* [INPUT]

>>>>

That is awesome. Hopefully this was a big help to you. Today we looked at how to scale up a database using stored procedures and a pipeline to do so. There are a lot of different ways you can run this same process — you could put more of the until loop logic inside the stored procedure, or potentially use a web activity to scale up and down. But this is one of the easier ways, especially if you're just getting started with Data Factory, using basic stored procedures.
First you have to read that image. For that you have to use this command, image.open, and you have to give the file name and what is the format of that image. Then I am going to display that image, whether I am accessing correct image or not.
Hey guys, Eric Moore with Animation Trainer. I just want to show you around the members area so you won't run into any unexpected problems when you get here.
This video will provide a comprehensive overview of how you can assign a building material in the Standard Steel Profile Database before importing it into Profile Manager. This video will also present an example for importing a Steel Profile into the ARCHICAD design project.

<<<<
>>>>

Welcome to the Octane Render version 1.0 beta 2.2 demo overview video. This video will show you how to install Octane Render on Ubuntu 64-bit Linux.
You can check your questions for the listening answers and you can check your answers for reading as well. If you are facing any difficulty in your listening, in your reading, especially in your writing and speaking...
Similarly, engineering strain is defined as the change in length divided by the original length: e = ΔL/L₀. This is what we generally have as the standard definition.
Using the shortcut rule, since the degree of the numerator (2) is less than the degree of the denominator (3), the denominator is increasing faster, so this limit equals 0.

<<<<

* [EXERCISE] In the entries above, please find the line with "You can check your questions" and the line with "Using the shortcut", then write out exactly those two lines and every line between them, and nothing more.

* [WORKED SOLUTION]
You can check your questions for the listening answers and you can check your answers for reading as well. If you are facing any difficulty in your listening, in your reading, especially in your writing and speaking...
Similarly, engineering strain is defined as the change in length divided by the original length: e = ΔL/L₀. This is what we generally have as the standard definition.
Using the shortcut rule, since the degree of the numerator (2) is less than the degree of the denominator (3), the denominator is increasing faster, so this limit equals 0.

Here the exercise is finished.